Assigned task →
Set down the lines of the data exactly, starting at the first and stopping after the line containing "123 Panorama Avenue photo 15".

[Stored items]
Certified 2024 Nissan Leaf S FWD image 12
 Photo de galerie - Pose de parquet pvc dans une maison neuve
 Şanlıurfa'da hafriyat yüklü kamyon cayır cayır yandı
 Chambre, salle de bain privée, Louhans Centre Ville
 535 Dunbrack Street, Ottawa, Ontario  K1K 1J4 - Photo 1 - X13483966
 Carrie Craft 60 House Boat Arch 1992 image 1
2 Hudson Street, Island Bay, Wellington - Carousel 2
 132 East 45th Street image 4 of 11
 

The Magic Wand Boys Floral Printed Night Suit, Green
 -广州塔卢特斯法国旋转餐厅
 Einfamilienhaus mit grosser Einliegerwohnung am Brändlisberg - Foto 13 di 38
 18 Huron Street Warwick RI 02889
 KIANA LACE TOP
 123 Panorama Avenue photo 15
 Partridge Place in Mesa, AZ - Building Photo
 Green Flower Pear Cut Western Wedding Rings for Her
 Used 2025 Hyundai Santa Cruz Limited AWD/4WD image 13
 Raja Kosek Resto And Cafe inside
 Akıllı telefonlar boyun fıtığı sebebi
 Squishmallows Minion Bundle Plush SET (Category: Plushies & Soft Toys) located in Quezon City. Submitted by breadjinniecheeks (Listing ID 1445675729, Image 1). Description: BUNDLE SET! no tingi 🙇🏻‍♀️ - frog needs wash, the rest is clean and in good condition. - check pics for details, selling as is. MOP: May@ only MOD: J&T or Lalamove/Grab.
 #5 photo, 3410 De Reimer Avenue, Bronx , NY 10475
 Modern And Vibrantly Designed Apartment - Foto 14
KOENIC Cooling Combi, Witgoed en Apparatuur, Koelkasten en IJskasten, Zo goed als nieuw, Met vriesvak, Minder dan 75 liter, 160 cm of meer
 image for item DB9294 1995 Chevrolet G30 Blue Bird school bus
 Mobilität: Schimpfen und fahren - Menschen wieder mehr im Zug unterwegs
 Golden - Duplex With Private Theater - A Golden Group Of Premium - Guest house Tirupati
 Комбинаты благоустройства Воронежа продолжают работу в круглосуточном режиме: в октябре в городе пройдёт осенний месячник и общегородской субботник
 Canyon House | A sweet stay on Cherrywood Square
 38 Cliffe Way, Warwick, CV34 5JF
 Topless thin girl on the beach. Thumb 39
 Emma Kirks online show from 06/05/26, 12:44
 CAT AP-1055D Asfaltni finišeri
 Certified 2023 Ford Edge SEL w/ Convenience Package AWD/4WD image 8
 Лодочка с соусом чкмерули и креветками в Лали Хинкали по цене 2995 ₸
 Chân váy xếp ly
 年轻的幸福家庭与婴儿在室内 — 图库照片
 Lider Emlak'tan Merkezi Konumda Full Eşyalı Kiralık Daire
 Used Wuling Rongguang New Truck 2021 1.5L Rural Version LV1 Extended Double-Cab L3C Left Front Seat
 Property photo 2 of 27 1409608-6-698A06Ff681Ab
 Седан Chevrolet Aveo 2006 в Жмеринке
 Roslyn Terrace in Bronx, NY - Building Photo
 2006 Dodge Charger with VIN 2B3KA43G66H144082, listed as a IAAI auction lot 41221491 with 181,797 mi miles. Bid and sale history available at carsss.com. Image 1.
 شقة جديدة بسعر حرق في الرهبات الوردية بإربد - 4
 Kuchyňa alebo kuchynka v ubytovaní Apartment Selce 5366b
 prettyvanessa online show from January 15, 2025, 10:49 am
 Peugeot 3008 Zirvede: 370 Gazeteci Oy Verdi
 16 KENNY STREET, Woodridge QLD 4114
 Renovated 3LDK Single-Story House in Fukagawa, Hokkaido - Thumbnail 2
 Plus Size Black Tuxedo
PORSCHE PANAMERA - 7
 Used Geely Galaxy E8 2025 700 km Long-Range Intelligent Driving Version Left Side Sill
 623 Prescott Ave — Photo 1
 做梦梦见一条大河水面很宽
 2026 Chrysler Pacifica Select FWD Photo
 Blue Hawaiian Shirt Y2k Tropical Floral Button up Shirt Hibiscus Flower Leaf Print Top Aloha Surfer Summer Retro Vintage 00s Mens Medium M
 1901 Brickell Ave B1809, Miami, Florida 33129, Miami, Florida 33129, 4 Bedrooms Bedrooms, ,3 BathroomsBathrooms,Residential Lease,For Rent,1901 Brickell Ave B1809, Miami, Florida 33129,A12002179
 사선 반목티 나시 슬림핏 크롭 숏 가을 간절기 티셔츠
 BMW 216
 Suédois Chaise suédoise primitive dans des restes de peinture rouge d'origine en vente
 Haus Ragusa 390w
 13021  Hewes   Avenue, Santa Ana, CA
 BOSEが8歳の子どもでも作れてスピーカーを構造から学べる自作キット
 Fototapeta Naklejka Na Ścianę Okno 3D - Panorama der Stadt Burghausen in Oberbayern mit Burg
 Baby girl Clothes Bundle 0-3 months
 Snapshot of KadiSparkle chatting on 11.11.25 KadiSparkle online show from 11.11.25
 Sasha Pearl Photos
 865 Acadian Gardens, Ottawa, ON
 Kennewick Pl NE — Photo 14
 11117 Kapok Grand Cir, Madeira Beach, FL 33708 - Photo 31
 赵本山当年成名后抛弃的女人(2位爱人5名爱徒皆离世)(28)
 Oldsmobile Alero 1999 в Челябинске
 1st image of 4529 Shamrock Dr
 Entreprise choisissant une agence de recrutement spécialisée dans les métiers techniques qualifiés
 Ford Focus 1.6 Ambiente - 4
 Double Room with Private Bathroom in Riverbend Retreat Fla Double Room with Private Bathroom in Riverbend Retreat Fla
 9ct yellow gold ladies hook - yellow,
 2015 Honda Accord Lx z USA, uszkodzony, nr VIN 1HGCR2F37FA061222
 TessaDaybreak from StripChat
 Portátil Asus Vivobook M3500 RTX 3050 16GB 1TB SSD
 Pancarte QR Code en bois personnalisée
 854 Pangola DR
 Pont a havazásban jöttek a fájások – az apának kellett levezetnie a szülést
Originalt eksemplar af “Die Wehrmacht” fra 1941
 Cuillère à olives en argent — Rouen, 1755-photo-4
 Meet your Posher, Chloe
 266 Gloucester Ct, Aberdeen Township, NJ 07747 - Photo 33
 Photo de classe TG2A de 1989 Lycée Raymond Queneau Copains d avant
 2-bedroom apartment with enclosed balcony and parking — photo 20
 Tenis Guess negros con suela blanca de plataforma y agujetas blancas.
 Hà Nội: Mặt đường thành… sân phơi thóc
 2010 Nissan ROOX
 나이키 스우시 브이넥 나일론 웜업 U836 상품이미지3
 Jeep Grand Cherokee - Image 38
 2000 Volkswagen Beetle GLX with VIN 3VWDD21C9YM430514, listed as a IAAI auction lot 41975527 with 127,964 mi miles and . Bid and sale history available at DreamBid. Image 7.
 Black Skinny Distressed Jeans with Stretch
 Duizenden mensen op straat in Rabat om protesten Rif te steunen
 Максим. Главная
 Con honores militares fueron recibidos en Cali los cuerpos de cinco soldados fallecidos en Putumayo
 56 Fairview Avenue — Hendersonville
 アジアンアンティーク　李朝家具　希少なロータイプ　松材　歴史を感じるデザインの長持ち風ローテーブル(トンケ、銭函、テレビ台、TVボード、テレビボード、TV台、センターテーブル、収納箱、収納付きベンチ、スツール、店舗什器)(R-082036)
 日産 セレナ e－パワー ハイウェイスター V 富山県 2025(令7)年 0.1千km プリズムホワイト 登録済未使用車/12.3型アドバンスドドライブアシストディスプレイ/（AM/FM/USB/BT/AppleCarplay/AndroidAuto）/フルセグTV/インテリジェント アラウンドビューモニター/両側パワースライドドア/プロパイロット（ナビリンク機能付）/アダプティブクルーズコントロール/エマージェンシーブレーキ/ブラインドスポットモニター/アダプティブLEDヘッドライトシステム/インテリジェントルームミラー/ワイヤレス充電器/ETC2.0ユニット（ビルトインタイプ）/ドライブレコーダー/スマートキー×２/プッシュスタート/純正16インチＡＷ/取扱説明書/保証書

Output for this exercise →
Certified 2024 Nissan Leaf S FWD image 12
 Photo de galerie - Pose de parquet pvc dans une maison neuve
 Şanlıurfa'da hafriyat yüklü kamyon cayır cayır yandı
 Chambre, salle de bain privée, Louhans Centre Ville
 535 Dunbrack Street, Ottawa, Ontario  K1K 1J4 - Photo 1 - X13483966
 Carrie Craft 60 House Boat Arch 1992 image 1
2 Hudson Street, Island Bay, Wellington - Carousel 2
 132 East 45th Street image 4 of 11
 

The Magic Wand Boys Floral Printed Night Suit, Green
 -广州塔卢特斯法国旋转餐厅
 Einfamilienhaus mit grosser Einliegerwohnung am Brändlisberg - Foto 13 di 38
 18 Huron Street Warwick RI 02889
 KIANA LACE TOP
 123 Panorama Avenue photo 15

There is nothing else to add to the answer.